The company also ventured into steam bus building in the United States before shareholders experienced a fit of the vapours that sent it into receivership in 1929, with Brooks steaming rapidly off in the direction of Buffalo, leaving behind 8,000 stockholders feeling sorry for themselves.
The Brooks steamer itself was offered in only one model, a substantial 3,800-pound, five-passenger sedan with a unique body covered in a multi-layer fabric rather than metal panels. The fabric, called Meritas and produced in Walkerville, Ont. comprised wire netting covered in two layers of wadding and two layers of imitation leather. These lightweight wood and fabric bodies were built in Orillia by a division of that city's Tudhope car company.
The rolling chassis was conventional for the time, but under the hood was a vertical pot boiler reassuringly wrapped in about three miles of piano wire and fired by kerosene lit from a naphtha-fueled pilot light. It took about half an hour to reach the working pressure of 500 psi required by the torquey, smooth and quiet twin-cylinder engine that drove the wheels directly. It could hit about 80 km/h, but the boiler was actually too small and it could only sustain a cruising speed of about 60 km/h.

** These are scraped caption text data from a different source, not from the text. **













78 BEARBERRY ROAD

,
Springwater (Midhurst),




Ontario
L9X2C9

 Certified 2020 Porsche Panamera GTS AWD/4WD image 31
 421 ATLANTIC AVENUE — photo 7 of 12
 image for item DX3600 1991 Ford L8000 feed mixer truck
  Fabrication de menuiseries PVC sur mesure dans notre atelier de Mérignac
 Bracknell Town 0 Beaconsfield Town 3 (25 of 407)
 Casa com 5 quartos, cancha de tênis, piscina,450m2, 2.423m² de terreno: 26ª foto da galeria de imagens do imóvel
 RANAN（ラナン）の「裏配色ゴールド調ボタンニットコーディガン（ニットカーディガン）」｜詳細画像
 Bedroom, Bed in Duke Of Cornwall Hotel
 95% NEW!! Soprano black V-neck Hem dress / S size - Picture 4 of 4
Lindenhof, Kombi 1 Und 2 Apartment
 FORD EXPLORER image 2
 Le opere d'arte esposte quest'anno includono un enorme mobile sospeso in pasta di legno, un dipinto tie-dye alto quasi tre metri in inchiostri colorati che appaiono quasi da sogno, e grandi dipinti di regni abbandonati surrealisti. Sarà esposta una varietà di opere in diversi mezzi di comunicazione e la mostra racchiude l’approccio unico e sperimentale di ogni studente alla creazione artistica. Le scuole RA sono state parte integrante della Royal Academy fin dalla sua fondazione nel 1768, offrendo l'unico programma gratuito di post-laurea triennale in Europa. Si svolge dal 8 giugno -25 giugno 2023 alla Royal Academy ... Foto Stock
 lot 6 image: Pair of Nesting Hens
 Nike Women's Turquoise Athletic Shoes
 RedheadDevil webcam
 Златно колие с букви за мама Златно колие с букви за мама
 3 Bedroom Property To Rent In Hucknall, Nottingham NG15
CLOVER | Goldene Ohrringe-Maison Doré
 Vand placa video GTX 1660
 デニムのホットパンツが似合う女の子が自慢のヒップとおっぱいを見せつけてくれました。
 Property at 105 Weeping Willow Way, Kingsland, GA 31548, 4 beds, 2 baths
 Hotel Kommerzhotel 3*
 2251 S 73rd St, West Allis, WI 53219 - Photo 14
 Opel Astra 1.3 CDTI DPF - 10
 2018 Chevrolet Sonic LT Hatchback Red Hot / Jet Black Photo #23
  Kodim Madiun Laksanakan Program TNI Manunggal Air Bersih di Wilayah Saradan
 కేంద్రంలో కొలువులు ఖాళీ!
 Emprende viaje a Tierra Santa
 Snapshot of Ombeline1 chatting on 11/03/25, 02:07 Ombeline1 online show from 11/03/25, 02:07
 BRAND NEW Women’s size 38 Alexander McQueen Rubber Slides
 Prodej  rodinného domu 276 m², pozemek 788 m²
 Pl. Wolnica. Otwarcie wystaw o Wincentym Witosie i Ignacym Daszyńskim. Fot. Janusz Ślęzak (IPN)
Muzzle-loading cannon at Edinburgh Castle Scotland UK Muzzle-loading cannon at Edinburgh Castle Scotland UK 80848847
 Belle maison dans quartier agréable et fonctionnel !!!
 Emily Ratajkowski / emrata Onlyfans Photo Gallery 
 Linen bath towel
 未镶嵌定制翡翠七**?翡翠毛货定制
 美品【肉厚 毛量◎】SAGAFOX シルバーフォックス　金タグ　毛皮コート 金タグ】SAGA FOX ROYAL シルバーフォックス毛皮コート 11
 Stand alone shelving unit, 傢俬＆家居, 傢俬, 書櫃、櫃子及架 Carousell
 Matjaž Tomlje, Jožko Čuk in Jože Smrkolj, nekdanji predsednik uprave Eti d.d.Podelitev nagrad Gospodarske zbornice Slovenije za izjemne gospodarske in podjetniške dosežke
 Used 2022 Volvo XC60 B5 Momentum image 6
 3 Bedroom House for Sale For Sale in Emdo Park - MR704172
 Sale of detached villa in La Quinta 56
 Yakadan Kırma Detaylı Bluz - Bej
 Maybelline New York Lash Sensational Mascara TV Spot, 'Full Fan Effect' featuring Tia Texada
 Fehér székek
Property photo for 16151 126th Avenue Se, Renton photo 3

Dubbed "The Gentle Giant of Motion," the Brooks sold for the gigantically uncompetitive price of $3,885 or about the same as a Pierce-Arrow, explaining why, along with its lack of performance and operational complexity, there were few takers.
A sale of Stratford factory assets in 1931 apparently included the 1926 Brooks that can now be seen in the museum, one of just 18 cars sold that model year.
Involved in the acquisition was car and railway enthusiast Ian Taylor, who worked at Shell's Oakville research centre until retiring and moving to Stratford where he became a member of the Perth County Historical Foundation, which he says involves itself with preserving the city and Perth County's "historic stuff."
Taylor says the group badly wanted to add a Brooks to its collection and jumped at the chance when one of the five survivors in Canada (there are also three in England) became available in Orillia. After negotiating a "nice price" of $45,000, the Brooks was hauled back to its home town in 2008 and the group began gearing up to pay for it. Taylor says that didn't prove as difficult as it had supposed thanks to the generosity of local government, residents and companies.
Unfortunately, due to tough Ontario regulations regarding steam-powered devices, the Brooks can no longer be brought to the boil. "I've never heard of a Brooks car boiler blowing up," says Taylor. "They have had fires though." Exhaust, er chimney, explosions weren't uncommon.
Perhaps it's just as well, but since 2010 the Brooks does hold pride of place in the museum and is hauled out as often as possible to local events, such as the 11th Annual Stratford Railway Heritage Show founded by Taylor that will be held June 3.